Si deve aver cura di creare tutte le condizioni che si richiedono per trattare i pezzi non da polvere, ma non basta. Ecco che serve un tecnico per non dimenticare quegli accorgimenti che ti possono portare al migliore dei risultati sperati. Allora: comincio a sottolineare come la natura porosa del sinterizzato ne renda più difficile il controllo. Per questa ragione noi siamo soliti compensare la maggior diffusione degli elementi presenti nell’atmosfera di protezione.
C’è poi lo spinoso tema della deformazione. Nessun trattamento deve indurre deformazioni oltre la tolleranza ammissibile per il pezzo in produzione. Il sinterizzato è un pezzo a dimensione finita, per cui il trattamento termico va effettuato in forni ad atmosfera controllata, con potenziala di C controllabile, od in bagni di sali. Siccome la sfiga ci vede benissimo, dobbiamo sempre mettere in conto le cause di deformazione insite nella morfologia del pezzo.
Esempi? Ce li ho, ce li ho! Pensa alla diversità di porosità nello stesso pezzo dovuto a sottosquadri o a masse molto diverse, o diversità fra un pezzo e l’altro dovute alla variazione di temperatura di sinterizzazione. Cause di deformazione possono legarsi anche al trattamento termico di indurimento (riscaldo o raffreddamento non uniforme nei forni a lotti, per esempio: i pezzi al centro della carica subiscono cicli termici diversi da quelli posti all’esterno).
C’è altro? Certo che ce n’è! Approfondire queste cose mi piace veramente molto. La complessità di certe questioni, e quindi delle scelte da prendere, è il miglior argomento per far intendere qual è il valore di una consulenza che viene dalla competenza e da molti anni passati a fare proprio questo lavoro. Il mio è quello del trattamentista! E voglio essere per te, se tu decidessi di incontrarmi, il miglior interlocutore possibile.

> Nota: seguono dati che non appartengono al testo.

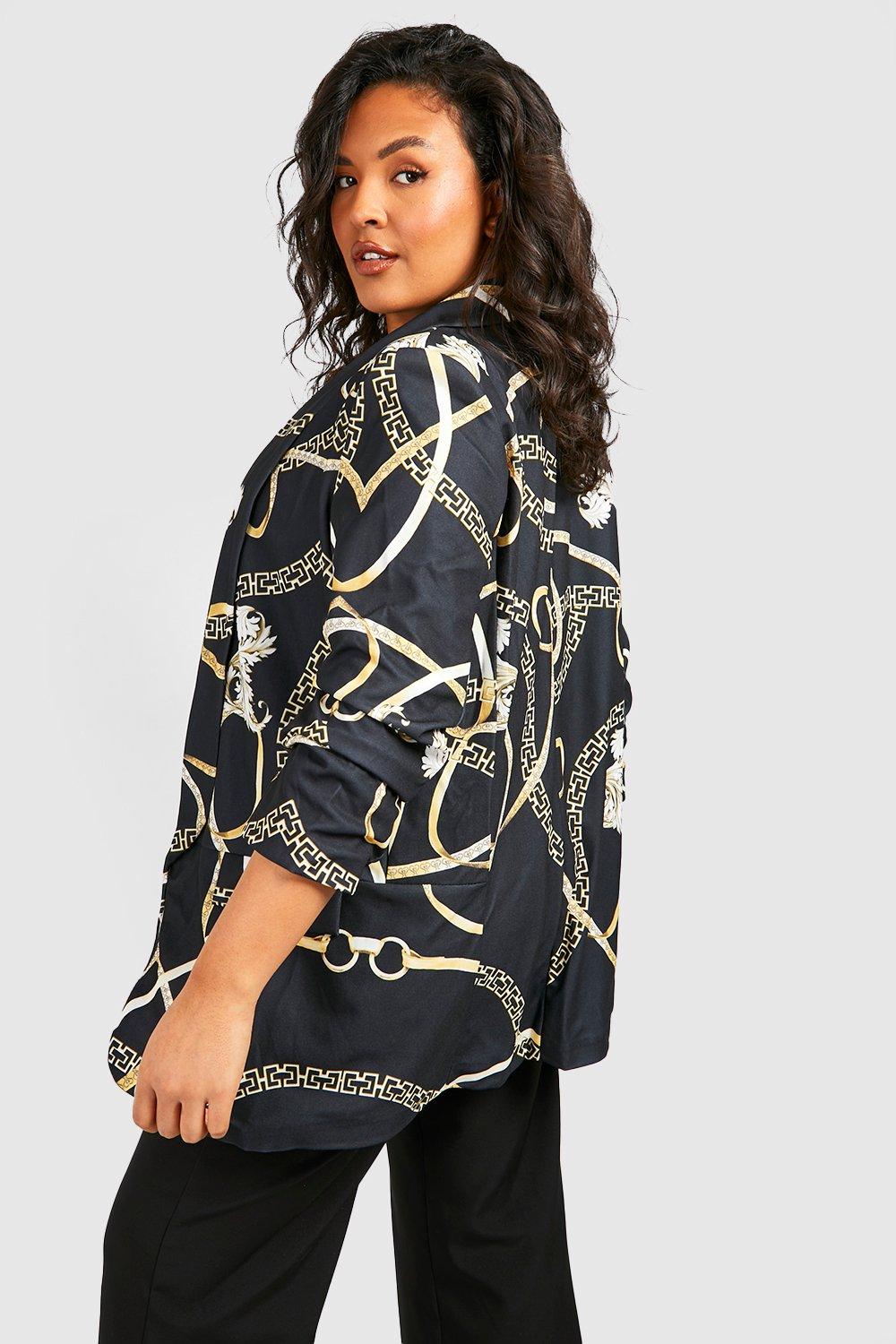 Chain print sale blazer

Quindi, andiamo avanti cercando di non tralasciare nulla. Nel caso dei trattamenti di indurimento superficiale, come carburazione o nitrurazione, la diversità di porosità porta anche ad una penetrazione diversa degli elementi arricchenti con aumenti di volumi disuniformi. E ancora… se i pezzi non vengono caricati in strati unici, ma sovrapposti, i pezzi che “finiscono sotto” rischiano di esser deformati dal carico che li sovrasta.

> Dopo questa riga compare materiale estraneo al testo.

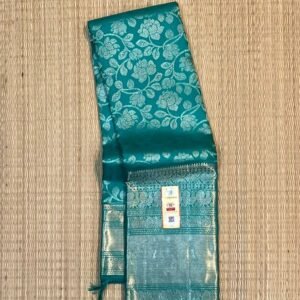 Elegant Teal Kanchipuram Pure Silk Saree with Silver Zari Floral Weave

Ce n’è abbastanza per non star tranquilli, vero? Oppure per mettersi nelle mani di un professionista così passa la paura. Intanto, in attesa di parlarti di persona (ti aspetto sempre: basta una telefonata o qualche riga di email) ti anticipo qualche indicazione su come ‘si dovrebbe’ operare con il trattamento termico dei sinterizzati. Va da sé che in SteelBetter facciamo esattamente quello che raccomandiamo.
Soffermiamoci sull’importanza del lotto unico. Siamo tutti d’accordo che è molto complicato andare a collegare cause ed effetti quando molte diverse anomalie (potrebbero non esserci, ma ci sono quasi sempre!) si sommano andando a fare cumulo. Lì il disastro è incombente, perché un tipo di deformazione, così come potrebbe compensarla (potrebbe, e non lo fa praticamente mai!), può accrescere l’altra. Orrore! La situazione sfugge di mano e ti trovi a gestire risultati non più statisticamente catalogabili.
Per non arrivare a questo punto bisogna partire bene, e cioè: fare in modo di effettuare il trattamento termico su sinterizzati organizzati in lotti omogenei. Chiamo “lotto”, la quantità di produzione realizzata dal sinterizzatore senza interruzioni e a condizioni inalterate: mantenendo le stesse polveri, la stessa pressa, stampo, lo stesso forno di sinterizzazione e la stessa pressa di coniatura.
È il modo migliore per poter far affidamento su una buona probabilità di omogeneità morfologica del lotto: è chiaro che la disuniformità di porosità in uno stesso stesso pezzo comporta deformazioni asimmetriche, che però non sono da attribuire ad “errori” in sede di trattamento termico.